General information
- Type: Transport
- National origin: USSR
- Manufacturer: NIAI
- Designer: Alexei Ivanovich Lisichkin and Vladimir Fedorovich Rentel
- Number built: 21

History
- First flight: May 1933

= NIAI LK-1 =

The LK-1 (Leningradskii Kombinat - Leningrad combine), (a.k.a. Fanera-2 – "Plywood no.2"), (a.k.a. NIAI-1) was a blended wing four-seat cabin aircraft designed and built in the USSR from 1933.

== Development ==
In 1930 the LIIPS (" Leningrad institute for sail and communications engineers") formed a UK GVF ( training centre for civil air fleet), and in turn the UK GVF formed the NIAI (Naoochno-Issledovatel'skiy Aero-Institoot (NIAI, "scientific test aero-institute") which became the focus of several good design engineers who were given command of individual OKB (Osboye Konstrooktorskoye Byuro – personal design/construction bureau).

Lisichkin and Rentel designed the LK-1 in an attempt to build a very efficient small transport aircraft with the wing blending into the fuselage, forming the cockpit and cabin, with seats for three passengers and one pilot with extensive glazing. Construction was all of wood/plywood, with a conventional single spar wing with plywood covering. The engine, with Townend ring cowling, was fitted on the centre-line between the cockpits which gave the pilot an asymmetrical view through the leading edge glazing. The fixed tricycle undercarriage was fitted with spats to reduce drag.
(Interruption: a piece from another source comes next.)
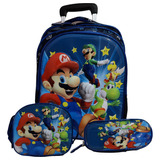 Kit Mochila Infantil Escolar Rodinha Led Lancheira Estojo 3d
Flight trials at Leningrad and state acceptance tests at the NII GVF(Naoochno-Issledovatel'skiy Institoot Grazdahnskovo Vozdooshnovo Flota - "scientific test institute for civil air fleet"), in Moscow, were very successful and an order for twenty production aircraft with modified tails, spats removed, no Townend ring, and other modifications was placed, for use by Aeroflot inside the USSR and the Arctic.

== Variants ==
- NIAI-1P – (Poplavkoviy – with floats), at least one aircraft fitted with twin floats.